Insiders say he'll miss the Test, and that Marnus Labuschagne -- who batted so well in his place in the second innings at Lord's as world cricket's first-ever concussion sub -- will take his place at number four in the batting order.

But he may yet play, because cricket Australia's protocols on this issues are different from England's.

Steve Smith was felled by a Jofra Archer missile. Image: Getty.

Cricket's governing body in England and Wales -- the ECB -- specifically mandates that a player cannot take the field in any match within six days of concussion symptoms being recorded.

The six-day minimum also applies in the NRL and AFL.

Cricket Australia's concussion policy is different. It says a player must not play or train for at least 24 hours after the diagnosis of concussion. After that, clearance must be provided by the doctor.

Some say that CA has not set a six-day rule because it fears players will fail to self-report concussion symptoms when there are fewer than six days between Tests. 10 daily has sought comment from CA on this theory.

Photo: Getty Images.

But the bottom line is that Smith could play at Headingley under current protocols.

So will he be cleared?

Remember that Smith was given the green light to take the field just 55 balls after being struck in Australia's first innings at Lord's, after passing the standard concussion tests.

It was only the next day that he awoke with dizziness and other mild concussion symptoms. Doctors call this delayed concussion, and it's not uncommon for concussion symptoms to show up 24 to 48 hours after an incident.

Cricket Australia's medical staff are now said to be monitoring him extra closely, to see if any lingering signs persist. It is a race against time, given there are just three days between Tests, as opposed to the usual week or so.

Meanwhile the man himself remains hopeful.

"It's obviously a quick turnaround between Test matches and I'm going to be assessed over the next five or six days, each day a couple of times a day, to see how I'm feeling and how I'm progressing," he said yesterday.

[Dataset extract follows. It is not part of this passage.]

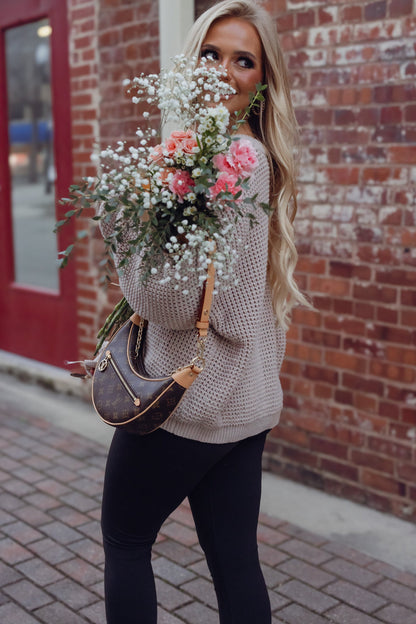 Hang Out Waffle Knit Sweater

"I'm hopeful I'll be available, but it's certainly up to the medical staff and we'll have conversations... I want to be 100 percent fit.

Cricket Australia sent Smith for a precautionary scan of his neck on Sunday evening. He was cleared of any structural damage, but whether he's free of concussion remains to be determined.

Meanwhile England has named an unchanged squad, and promises "more of the same" -- in terms of the short-pitched stuff -- from Jofra Archer.